Planning a life together is an ideal time to address any existing loans or liabilities. Common debts include (but are not limited to) personal loans, HECS/student debts, car loans and unpaid credit cards. After declaring your financial baggage, you could create a plan to pay off the debt or change the status quo. Should you pay off the smallest debt first, the debt accruing the highest interest or consolidate the debt?

Review assets

It is equally important to discuss how you may share your current assets. Your assets may include:

  • Cash or cryptocurrency
  • Property
  • Car
  • Shares
  • Investments
  • Trusts
  • Superannuation

Westpac has a Proof of Balance statement which could make it easy to share the balances in each of your accounts. This is available to download from Westpac Live Online Banking or is available from your local Westpac branch.
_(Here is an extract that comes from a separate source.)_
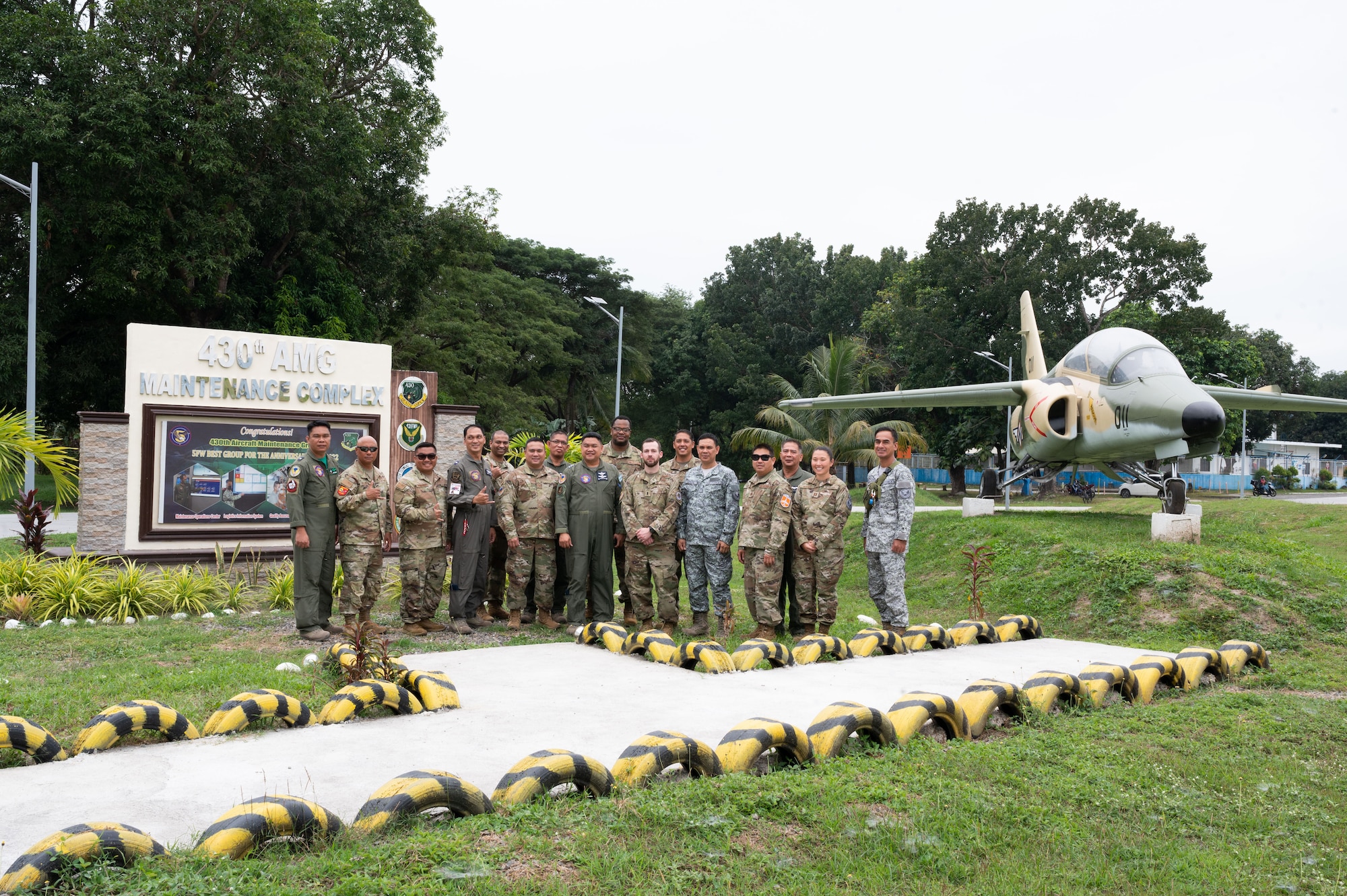 Pacific Air Forces Airmen conduct information exchange in Philippines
You could choose to share the Proof of Balance statement or your account statement when creating your asset snapshot.

Plan

Knowing how you currently spend your money and how you plan to spend your joint income is an important step to ensuring that you are on the same financial page.

Set goals

Beyond working on your monthly/quarterly expenses, ensuring that you both have the same future financial aspirations is important. Questions you might like to discuss could include:

  • What are your financial goals for the next 5 years?
  • What are your partner’s financial goals for the next 5 years?
  • What are your combined priority goals for the next 5 years?
  • How will you achieve these goals?
  • How much will each goal cost?
  • What time do you need to save that amount in?
  • What amount are you going to put aside to save on a weekly/monthly basis to achieve this? (amount needed divided by the time in weeks/months equals your saving amount)
  • Is this achievable?

Talk about emergency and discretionary funds

Depending on your joint budget, discuss and agree upon how much money will be put aside into a separate fund for emergencies, medical expenses, unforeseen expenses or future study.
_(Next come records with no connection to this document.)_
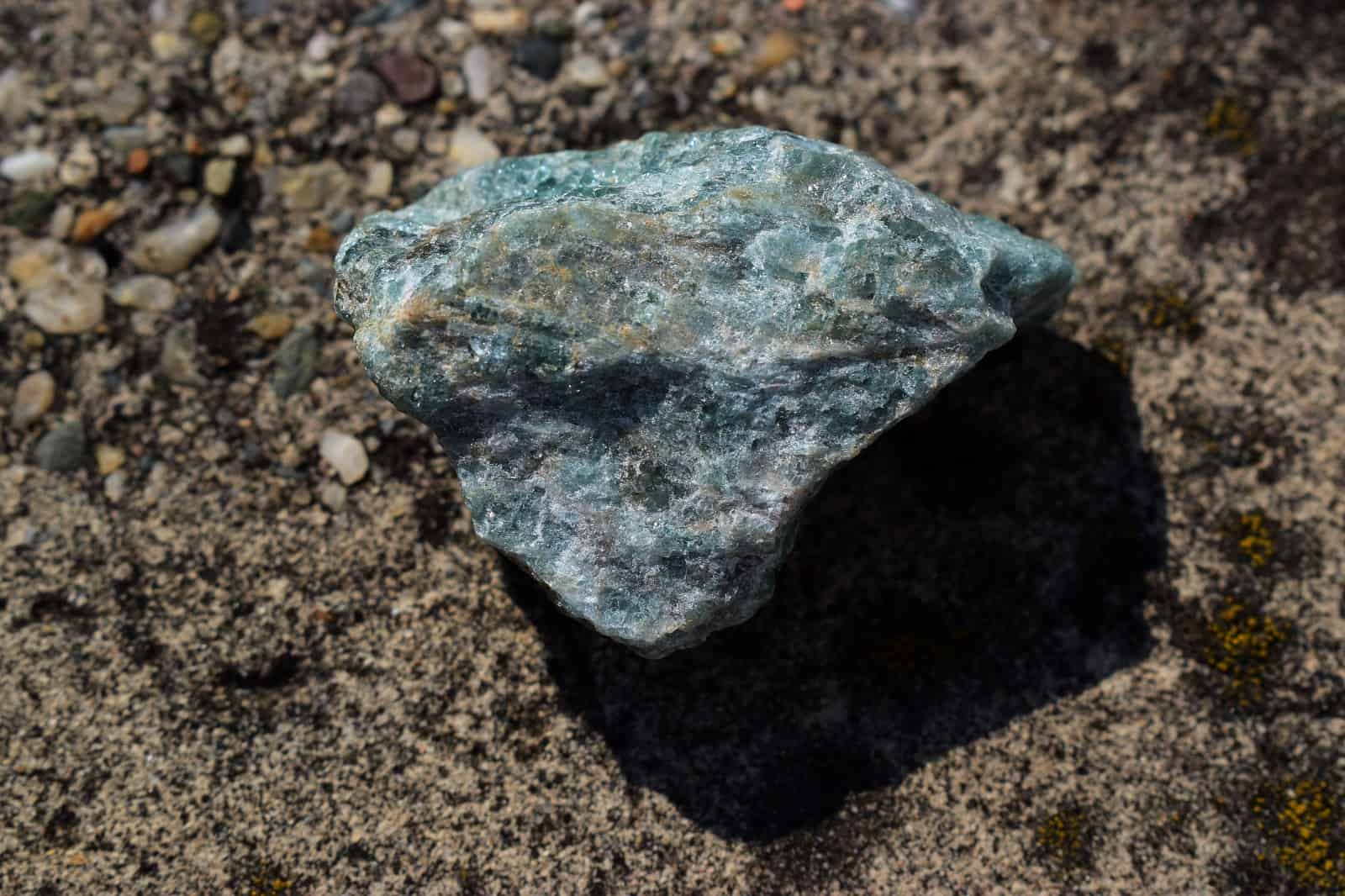 Green Apatite Meaning And Healing Properties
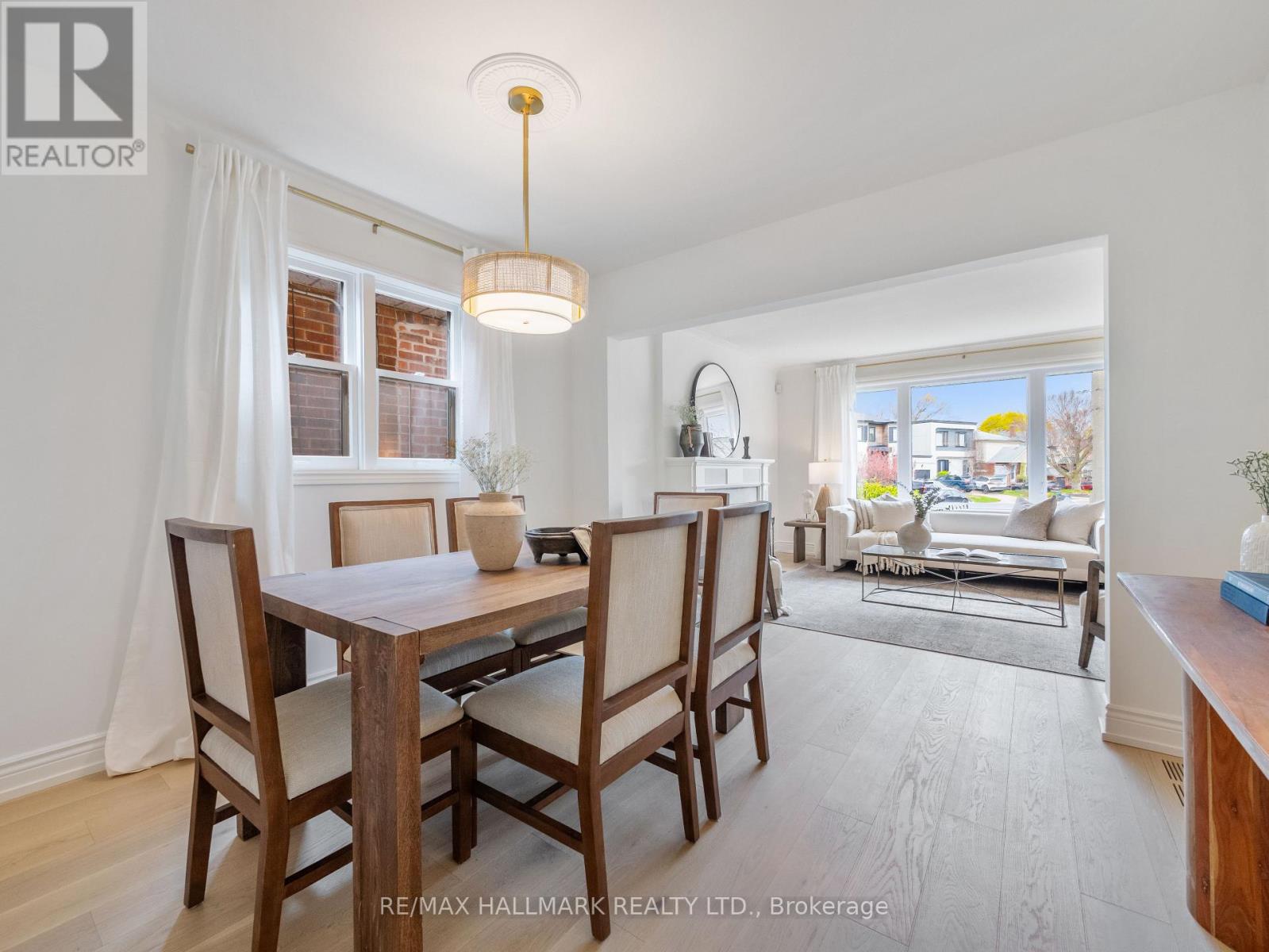 39 BRIAR DALE BOULEVARD
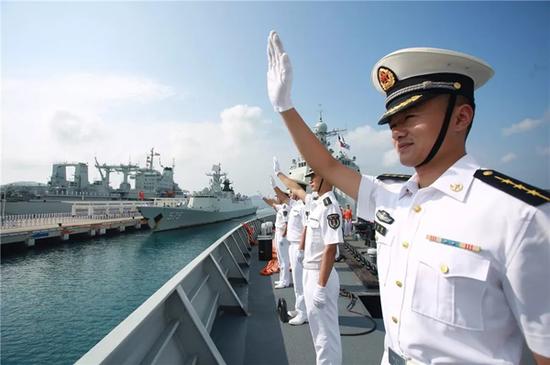 中国海军第二十七批护航编队凯旋 驱逐了13批42艘疑似海盗小艇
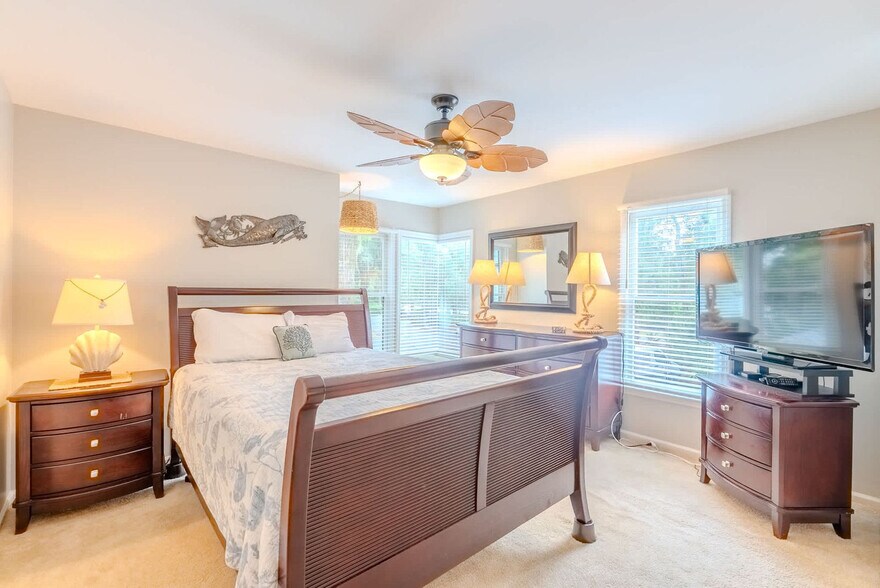 Building Photo - 137 Cordillo Pkwy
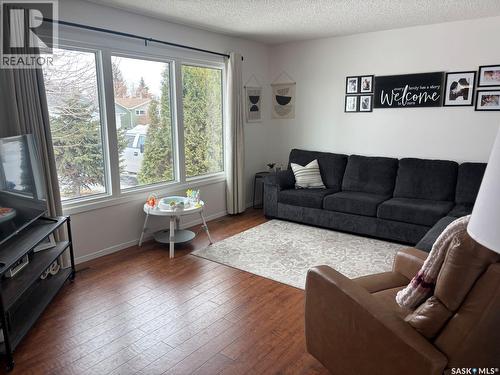 18 Waterloo Road, Yorkton, SK - Indoor Photo Showing Living Room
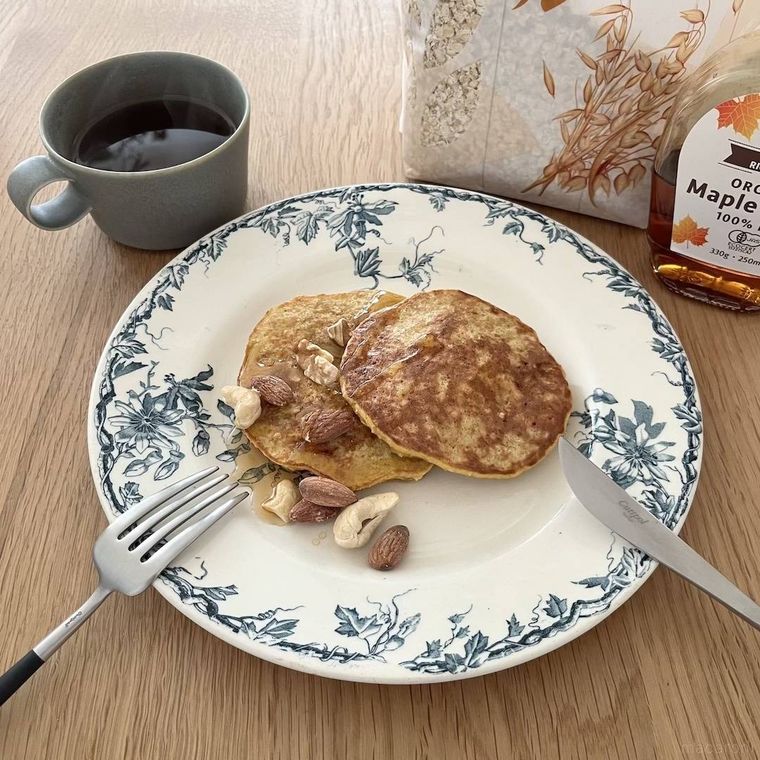 プレートに盛り付けられたオートミールとバナナのパンケーキ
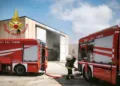 Santa Giusta: a fuoco un mezzo all’interno di un capannone industriale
Why financial agreements are a good idea

Financial agreements, previously referred to as pre-nuptial agreements, are becoming widely accepted in marriage.

A financial agreement will outline the distribution of assets, liabilities and how (and whether) any maintenance is required. The agreement will need to be lodged at Court and must be done with the advice of independent lawyers.
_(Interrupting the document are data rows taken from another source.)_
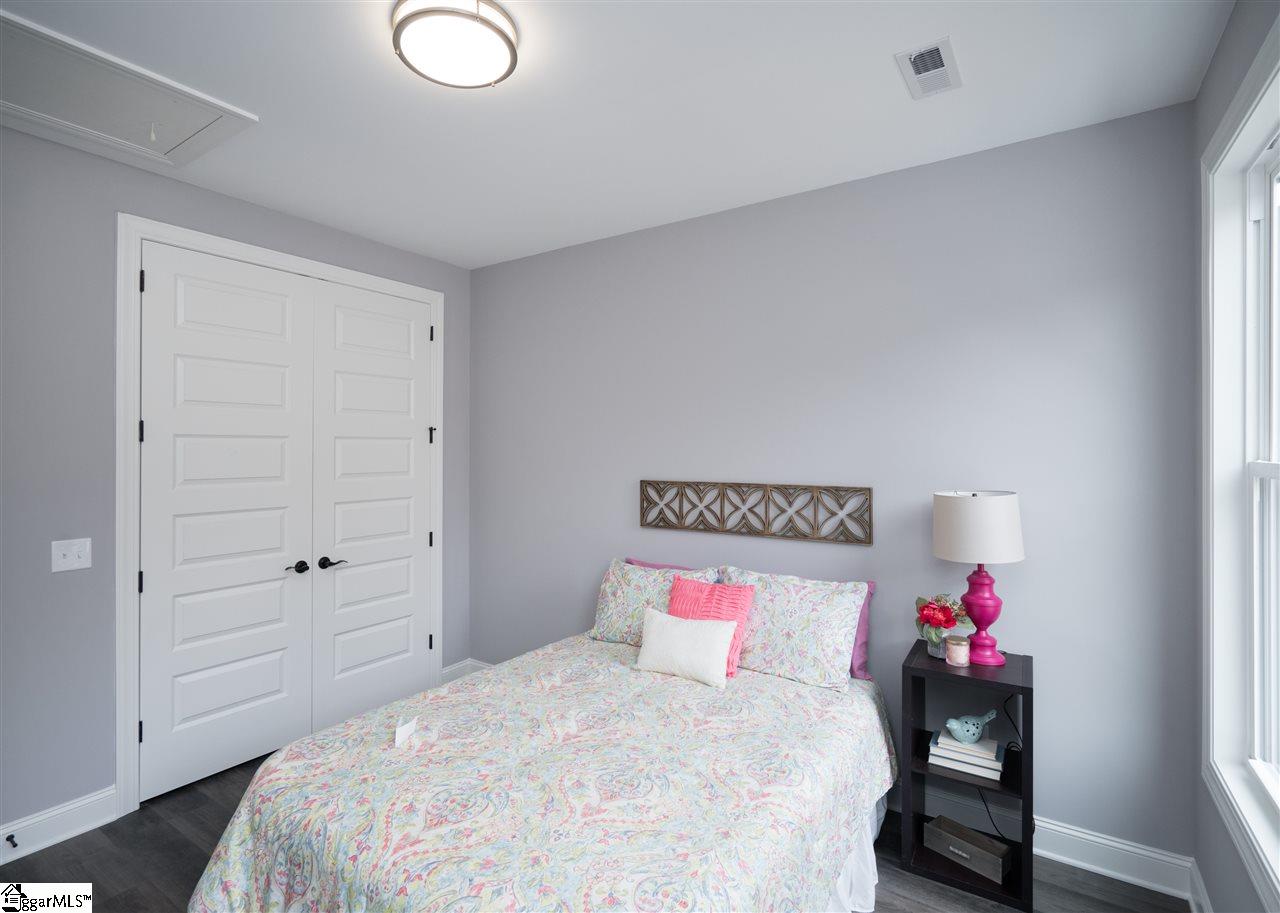 338 Ackley Road Greenville, SC 29607 - Photo 20 of 27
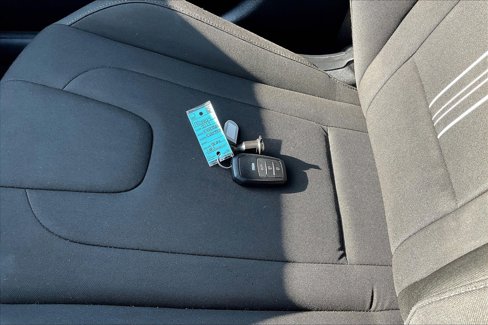 Used 2022 Hyundai Elantra SEL image 12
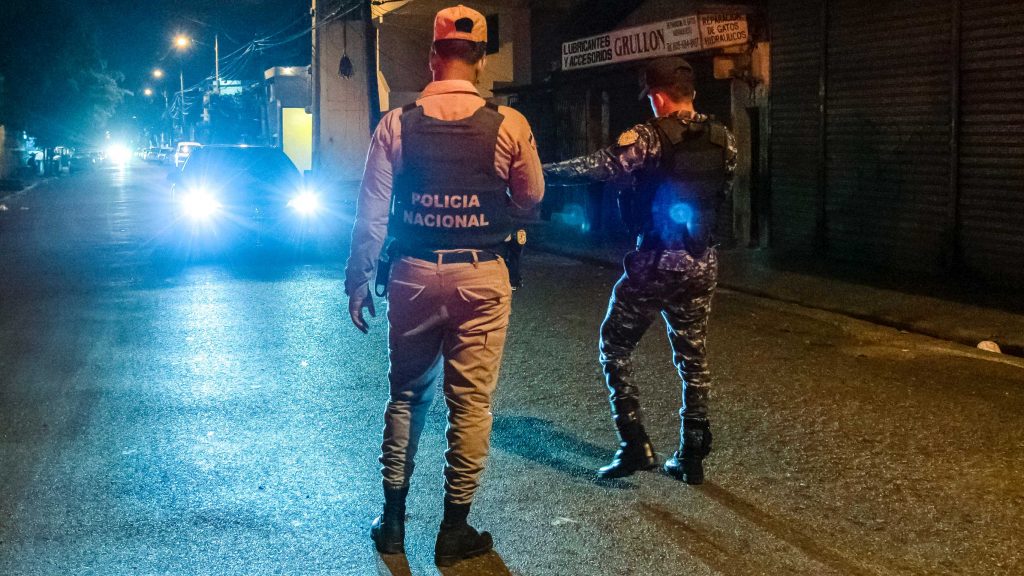 Sociedades médicas se reunieron con la Policía Nacional para aclarar denuncia de galenos Sociedades médicas se reunieron con la Policía Nacional para aclarar denuncia de galenos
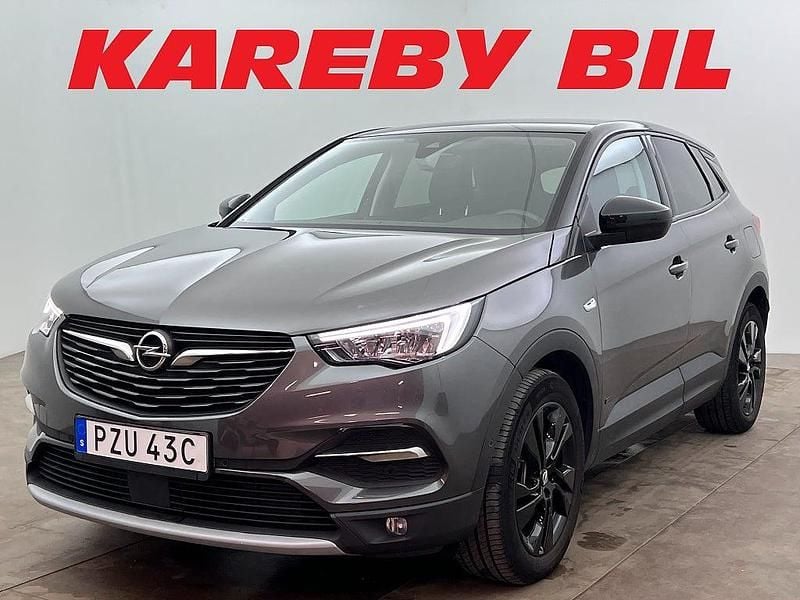 Grå Begagnad 2021 Opel Grandland X Design Edition SUV | 194 900 kr (Marknadspris) - Bild 1/3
Financial agreements are common when one person in the relationship has more assets than the other, or when both people come into the relationship with assets which they choose to retain as their own throughout the union. An agreement could be written up either before the commencement of the relationship, during the relationship, or both.

Financial agreements should ideally be regularly reviewed and updated as circumstances change, such as life events, children and assets. You should consider seeking appropriate legal and accounting advice about whether a financial agreement is right for you and your circumstances.